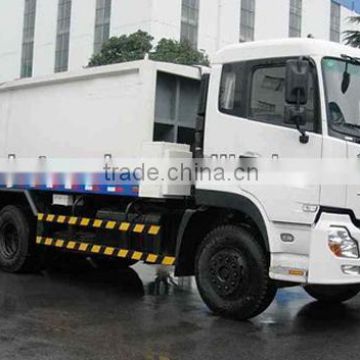 15cbm DongFeng Compression Garbage Truck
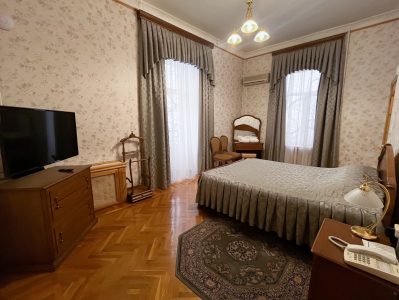 Люкс 2-местный 3-комнатный, фото 1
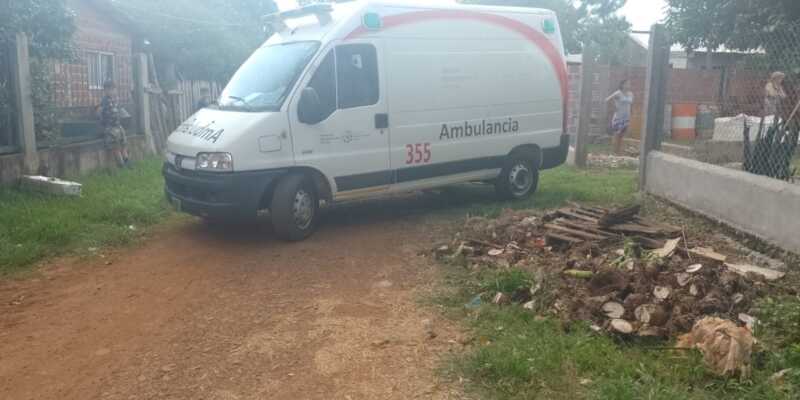 Posadas: una mujer perdió la vida al recibir una descarga eléctrica en su casa Posadas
══════════
* [YOUR ASSIGNMENT]:
Would it be possible to give the material above again exactly, with the pictures left out?

* [SOLUTION TO THIS EXERCISE]:
 15cbm DongFeng Compression Garbage Truck
 Люкс 2-местный 3-комнатный, фото 1
 Posadas: una mujer perdió la vida al recibir una descarga eléctrica en su casa Posadas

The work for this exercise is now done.